$ whoami

Hi, my name is Rico. I am from Germany, and I have a bachelor's degree in information technology. I am working in IT-Security for an IT service provider for banks. Apart from that I am very interested in malware research, infosec, vulnerabilities and exploits, bug bounty, CTFs, and everything related to that. I also run a blog where I publish various stuff such as write-ups of malware analysis, coding adventures, tools, and software I use or find useful and a lot more. Since I only publish stuff when I come across something worth sharing, don't expect regular posts.

$ ls Projects

Our modern world heavily benefits from and depends on open-source software (as Randall Munroe humorously depicts in his comic strip "Dependency"). I think that more individuals and companies should release their software under open-source licenses. Hence, I released all the projects I developed in my spare time on GitHub.

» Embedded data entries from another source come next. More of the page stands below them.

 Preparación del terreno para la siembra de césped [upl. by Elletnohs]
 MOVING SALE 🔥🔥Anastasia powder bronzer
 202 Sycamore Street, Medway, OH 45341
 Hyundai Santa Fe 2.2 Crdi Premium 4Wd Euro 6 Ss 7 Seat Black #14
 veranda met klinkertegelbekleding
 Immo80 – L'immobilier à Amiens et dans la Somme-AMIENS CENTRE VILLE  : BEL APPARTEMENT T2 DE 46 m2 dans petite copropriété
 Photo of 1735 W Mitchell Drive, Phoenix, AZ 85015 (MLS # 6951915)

This project aims to be a drop-in replacement for the official certstream server by Calidog. This tool aggregates, parses, and streams certificate data from multiple certificate transparency logs via websocket connections to the clients. Developers can use this project to analyze newly created TLS certificates as they are issued.
A Python tool for scraping and analyzing public pastes from pastebin. A great source of OSINT. Highly customizable via self-written regex patterns and actions, that are executed on each match!

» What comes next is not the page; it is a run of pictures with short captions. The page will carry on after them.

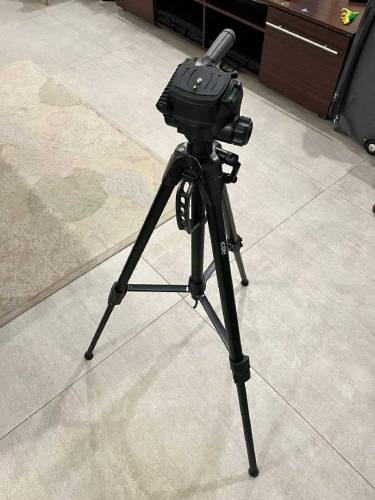 DSLR canon 60D available with tripod stand, original charger and etc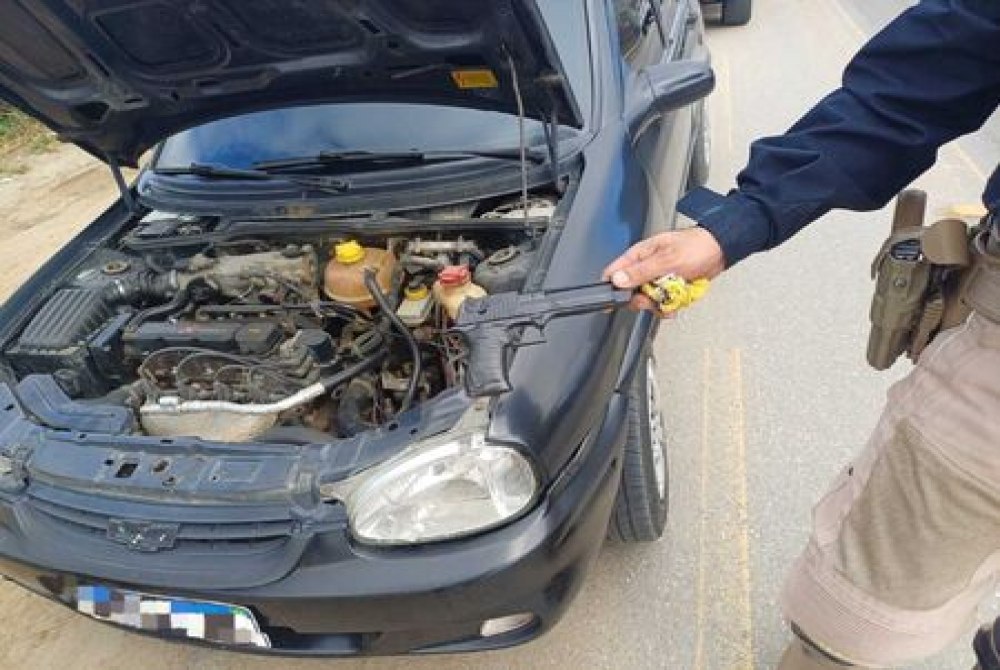 Caiu no Golpe do An�ncio Fake: PRF recupera carro roubado em Caruaru e prende motorista com simulacro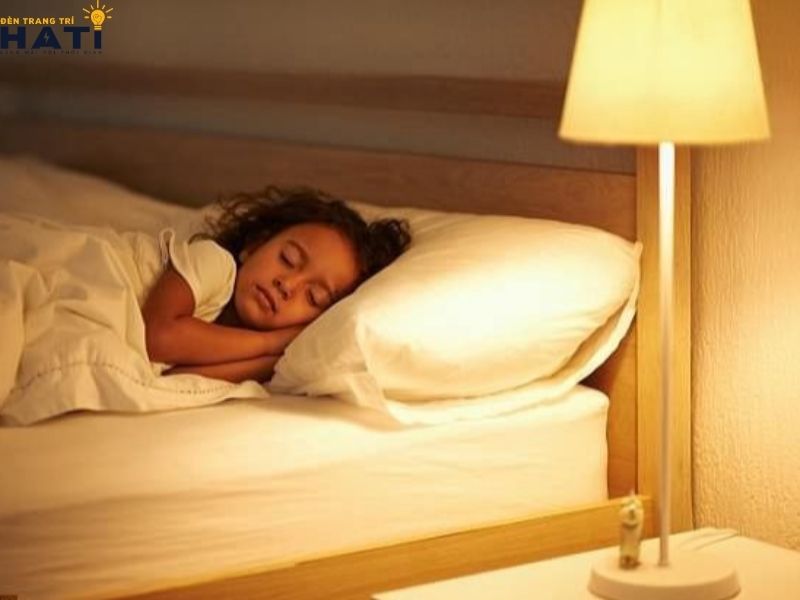 Không dùng đèn ngủ có cường độ sáng cao, chiếu trực tiếp vào mặt hoặc đặt quá gần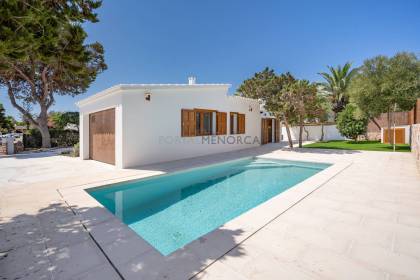 Interesting fully refurbished villa in Cala'n Bosch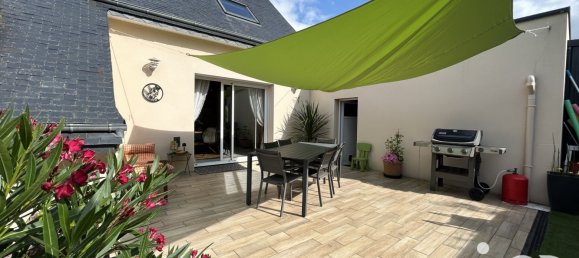 Дом с 6 комнатами в Ланволлон, Франция № 344627 17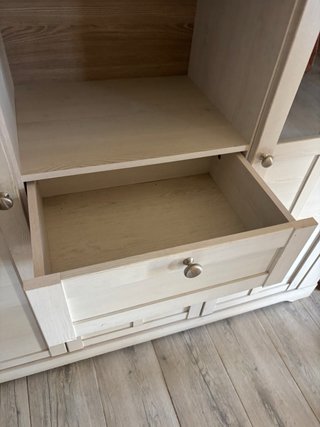 Mueble blanco con puertas de cristal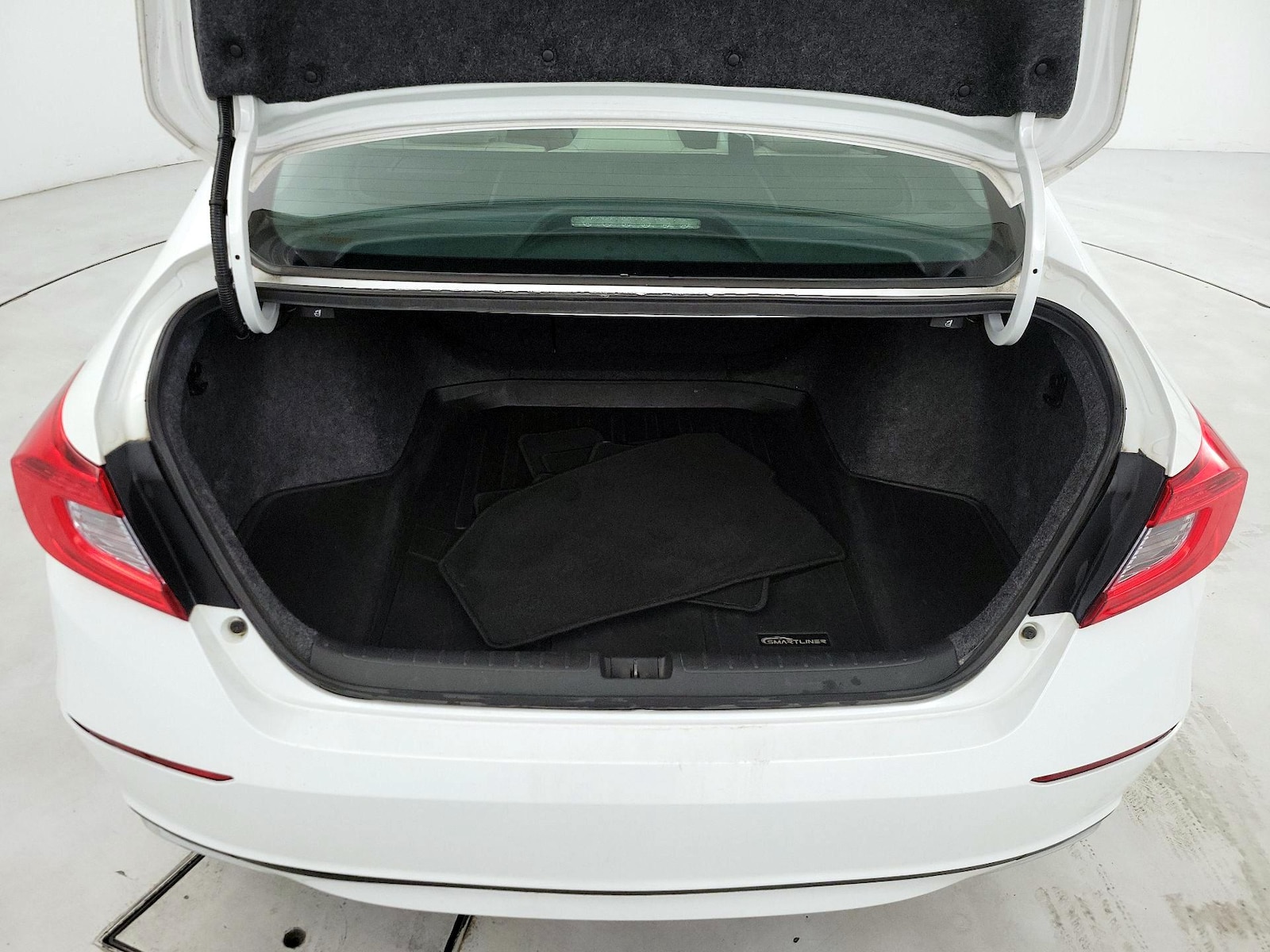 2020 Honda Accord Hybrid EX-L - Photo 21
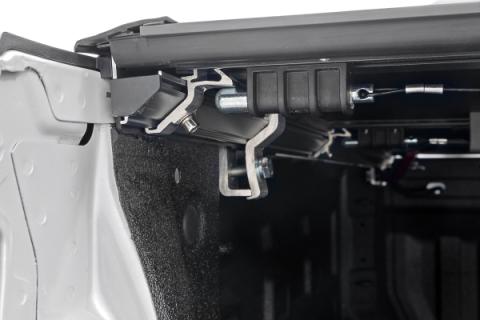 Hard Low Profile Bed Cover 6 Foot 7 Inch Bed Rail Cap Silverado/Sierra 1500/2500HD/3500HD (14-19 &amp; Classic) Rough Country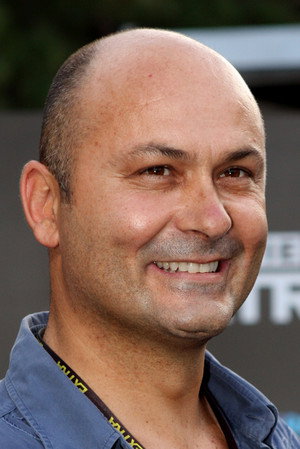 Steve Bastoni portrait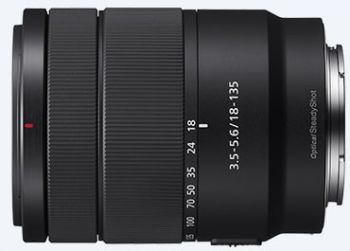 Фотоапарат SONY Alpha a6700 + E 18-135 OSS Creator Kit (ILCE6700MB_СrKit) | Фото 3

When Telegram released their bot platform, I was very hyped to create my own bot. That was around the same time when I started learning Python. So I thought it might be a good idea to learn Python for that project. I created the @BlackJackBot on Telegram in Python on March 23rd, 2016.

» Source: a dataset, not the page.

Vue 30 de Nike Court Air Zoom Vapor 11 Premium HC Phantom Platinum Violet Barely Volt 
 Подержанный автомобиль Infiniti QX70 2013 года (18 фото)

A while after I created the BlackJackBot, I found myself in need of a bot for the German price comparison website Geizhals. The bot should notify you when the price of a selected product changes. And that's exactly what it does!
There are a lot of 433 MHz controlled remote devices - many of which are used for smart home stuff. I started doing smart home stuff in late 2017 or early 2018. In the beginning, I bought some remote-controlled power outlets to control my lights, which use the 433 MHz band. I wanted to control these outlets via my phone, so I bought a bridge device, which enabled me to control them via Ethernet. I ended up with writing a small library called pyBrematic to automate actions.
When managing several servers, you often find yourself in a need of making backups. I searched for tools online that could make it into a painless experience but never found an easy-to-use, lightweight, portable, CLI tool which is easy to configure and does not need a remote server for backups. That's why I created backmeup. It runs off a config file and outputs zip-files.